ANXA1, a member of the annexin superfamily, is a calcium-dependent phospholipid-binding protein. The role of ANXA1 in tumor development and metastasis has been documented in many cancers [27, 28, 29, 30, 31, 32, 33], but its role and underlying mechanism in OS are poorly understood. We show for the first time a clinically positive correlation between ANXA1 and overall survival rate.

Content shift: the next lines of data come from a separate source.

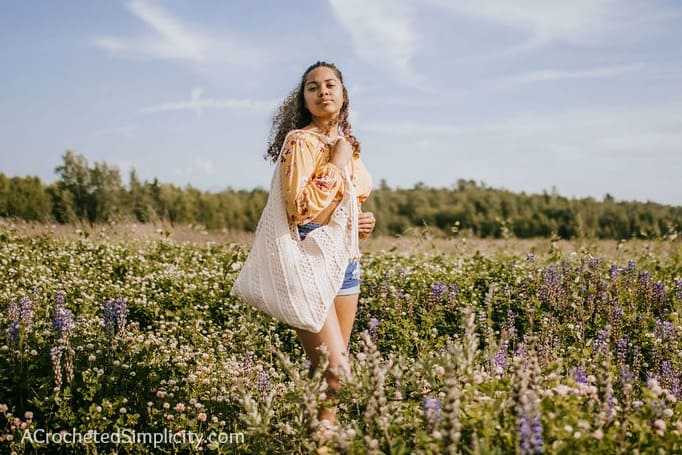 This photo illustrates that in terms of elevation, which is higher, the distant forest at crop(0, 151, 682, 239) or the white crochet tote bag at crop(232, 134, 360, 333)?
the distant forest at crop(0, 151, 682, 239)

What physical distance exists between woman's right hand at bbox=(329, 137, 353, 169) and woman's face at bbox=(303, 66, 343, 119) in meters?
0.25

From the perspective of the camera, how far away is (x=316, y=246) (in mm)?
3078

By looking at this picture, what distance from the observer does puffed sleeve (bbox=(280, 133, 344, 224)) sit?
119 inches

CXCL12 (also known as SDF-1), a member of the CXC subfamily of chemokines, is secreted by stromal cells from a variety of tissues [34]. The involvement of CXCL12 is implicated in tumor progression of a variety of cancers and immune diseases [35, 36, 37], but its role in the metastasis of OS is ambiguous. An interaction between CXCL12 and its two receptors, CXCR4 and CXCR7, drives the metastasis of OS cells to the lung [38, 39, 40, 41]. Interestingly, CXCL12 is weakly, or even negatively, expressed in lung metastases from OS [42]. CXCL12 positively correlated with better longtime survival and lower prevalence of metastasis [43]. High expression of CXCL12 in OS tissues predicted longer survival, which is consistent with our current results. Osteoblasts and OS cells express the specific chemokine axis (CXCR4, CXCR7, and CXCL12) might prevent tumor cells from entering the circulation [44, 45]. Recently, the levels of CXCL4, CXCL6, and CXCL12 in plasma in OS patients were significantly higher compared with that in the controls. However, the higher circulating levels of CXCL4 and CXCL6, but not CXCL12, were associated with a poorer outcome for OS patients [46]. Certainly, the CXCL12-CXCR4/CXCR7 axis is not the sole regulator of systemic spread but could be crucial for metastatic cancer development. Moreover, PI3K pathways are common important downstream pathways regulated by ANXA1 [47] and the CXCL12-CXCR4/CXCR7 axis [48].
Conclusion
The present study identified genes that may be useful diagnostic biomarkers and treatment goals for PMOS patients. The results will support studies of mechanisms and effective therapies for PMOS. However, due to limitations in the present study, additional work is required to elucidate molecular mechanisms involved in this challenging disease. Necessarily, further research is required to verify the mechanisms of ANXA1 and CXCL12 in PMOS.
Author contributions
Data collection: Yinan Chai; Data analysis: Lihan Xu, Rui He; Manuscript writing: Liangjun Zhong; Conception and design: Yuying Wang.
Data availability
The data used to perform the analyses described herein are publicly available from the GEO (
Ethical considerations
There was no need to obtain ethical approval from the hospital since all data in the manuscript was based on bioinformatics, and GEO and TARGET have obtained informed consent from all participants.
Funding
This work was supported by the Natural Science Foundation of Zhejiang Province (Grant number: LY20H060003).
Footnotes
Conflict of interest
The authors declare that there are no competing interests associated with the manuscript.